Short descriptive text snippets
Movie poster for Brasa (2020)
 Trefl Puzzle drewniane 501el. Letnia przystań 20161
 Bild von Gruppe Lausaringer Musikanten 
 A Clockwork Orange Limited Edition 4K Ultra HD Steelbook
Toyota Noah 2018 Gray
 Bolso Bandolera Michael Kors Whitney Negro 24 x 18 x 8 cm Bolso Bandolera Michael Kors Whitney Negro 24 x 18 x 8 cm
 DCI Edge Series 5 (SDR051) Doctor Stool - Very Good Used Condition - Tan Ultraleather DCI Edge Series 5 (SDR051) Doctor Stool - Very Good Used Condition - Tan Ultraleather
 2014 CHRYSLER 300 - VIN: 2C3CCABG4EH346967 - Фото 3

**EXERCISE DESCRIPTION:** Up to and including the line that contains "cm Bolso Bandolera", restate word for word every line of the entries, starting from the first.

**SOLUTION FOR THIS PROBLEM:**
Movie poster for Brasa (2020)
 Trefl Puzzle drewniane 501el. Letnia przystań 20161
 Bild von Gruppe Lausaringer Musikanten 
 A Clockwork Orange Limited Edition 4K Ultra HD Steelbook
Toyota Noah 2018 Gray
 Bolso Bandolera Michael Kors Whitney Negro 24 x 18 x 8 cm Bolso Bandolera Michael Kors Whitney Negro 24 x 18 x 8 cm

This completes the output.